FAQ12
What are some of the issues with Optical Character Recognition of Slavic and East European languages? (FAQ12)
One of the areas where digitization of Slavic texts may cause problems is in Optical Character Recognition (OCR). The second method for obtaining digital text files is by taking the digital page images and running them through OCR. Particularly when a large amount of text is involved, OCR can be the best option. There are several commercial OCR programs available which can recognize Slavic languages, both those written in modified Latin and those written in the Cyrillic alphabets.
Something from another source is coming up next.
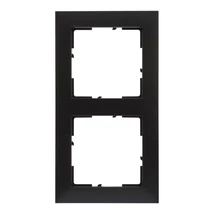 Legrand Suno 2-es keret fekete vízszintes és függőleges 721522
The end result of OCR is a digital file of the vernacular language text. If the text is to be directly presented to the end user, a very high level of accuracy needs to be attained in the OCR process. Achieving this level of accuracy often increases the cost of this phase of the digitization project substantially. A less time consuming and sometimes more cost effective alternative is "dirty" OCR. In this method, the amount of post-OCR proofreading is minimized. The output text from the OCR program is searchable, but when the results of the search is presented, often the page image is displayed rather than the result set from the test file which masks errors in the OCR. However if an error in the OCR happens to occur in the search string this would obviously effect the accuracy of the search results.
In the case of all OCR (not just Slavic), there are several issues that effect overall accuracy of the resulting text file:
1. Original Typeface. Relative weight of horizontal and vertical lines in glyphs.
2. Line spacing, broken [hyphenated] words, line justification
3. Quality of original printing... smudgy, clean or dirty type, insufficient amount of ink used in the original printing process
4. Opacity of paper (bleed through from other side), wicking of ink into paper fibers
5. Contrast (whiteness of paper versus blackness of ink) which is tied to:
6. Issues resulting from ageing: yellowness of paper, ink fading.
7. Quality of page image: bound versus flat pages, paper versus microfilm source document, skew, bit-depth [also called color depth].